**EXERCISE DETAILS**
Go to the line in the entries below that holds "birds eye view" and repeat exactly from there through the line that holds "Person in hijab", inclusive.
─── PROVIDED INFORMATION ───
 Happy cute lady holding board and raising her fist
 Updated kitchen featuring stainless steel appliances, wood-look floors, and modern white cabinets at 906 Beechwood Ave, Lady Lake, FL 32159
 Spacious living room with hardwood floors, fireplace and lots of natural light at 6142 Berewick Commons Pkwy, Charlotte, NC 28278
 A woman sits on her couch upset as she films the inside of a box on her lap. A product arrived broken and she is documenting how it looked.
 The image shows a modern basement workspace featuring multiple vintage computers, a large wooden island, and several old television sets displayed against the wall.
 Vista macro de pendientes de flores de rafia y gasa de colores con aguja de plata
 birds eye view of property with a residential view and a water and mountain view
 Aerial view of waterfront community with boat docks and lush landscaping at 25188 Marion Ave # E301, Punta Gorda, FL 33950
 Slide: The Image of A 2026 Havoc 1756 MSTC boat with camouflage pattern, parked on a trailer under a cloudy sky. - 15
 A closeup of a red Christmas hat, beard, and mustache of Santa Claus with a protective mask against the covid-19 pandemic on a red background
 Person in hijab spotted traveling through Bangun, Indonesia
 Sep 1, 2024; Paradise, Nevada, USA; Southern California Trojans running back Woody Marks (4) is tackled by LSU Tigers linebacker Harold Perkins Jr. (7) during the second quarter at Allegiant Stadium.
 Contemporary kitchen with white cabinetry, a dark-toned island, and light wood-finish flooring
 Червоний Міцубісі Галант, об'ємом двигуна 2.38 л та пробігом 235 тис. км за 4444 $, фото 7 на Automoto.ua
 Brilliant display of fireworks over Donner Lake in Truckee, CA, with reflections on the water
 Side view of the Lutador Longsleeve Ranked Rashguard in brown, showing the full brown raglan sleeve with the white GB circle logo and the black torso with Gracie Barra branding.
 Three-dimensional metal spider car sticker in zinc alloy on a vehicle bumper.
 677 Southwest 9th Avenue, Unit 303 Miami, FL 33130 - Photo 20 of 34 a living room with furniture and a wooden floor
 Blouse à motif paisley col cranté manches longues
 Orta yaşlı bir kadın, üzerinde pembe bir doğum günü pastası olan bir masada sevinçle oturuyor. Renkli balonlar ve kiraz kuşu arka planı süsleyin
───
**OUTPUT**
 birds eye view of property with a residential view and a water and mountain view
 Aerial view of waterfront community with boat docks and lush landscaping at 25188 Marion Ave # E301, Punta Gorda, FL 33950
 Slide: The Image of A 2026 Havoc 1756 MSTC boat with camouflage pattern, parked on a trailer under a cloudy sky. - 15
 A closeup of a red Christmas hat, beard, and mustache of Santa Claus with a protective mask against the covid-19 pandemic on a red background
 Person in hijab spotted traveling through Bangun, Indonesia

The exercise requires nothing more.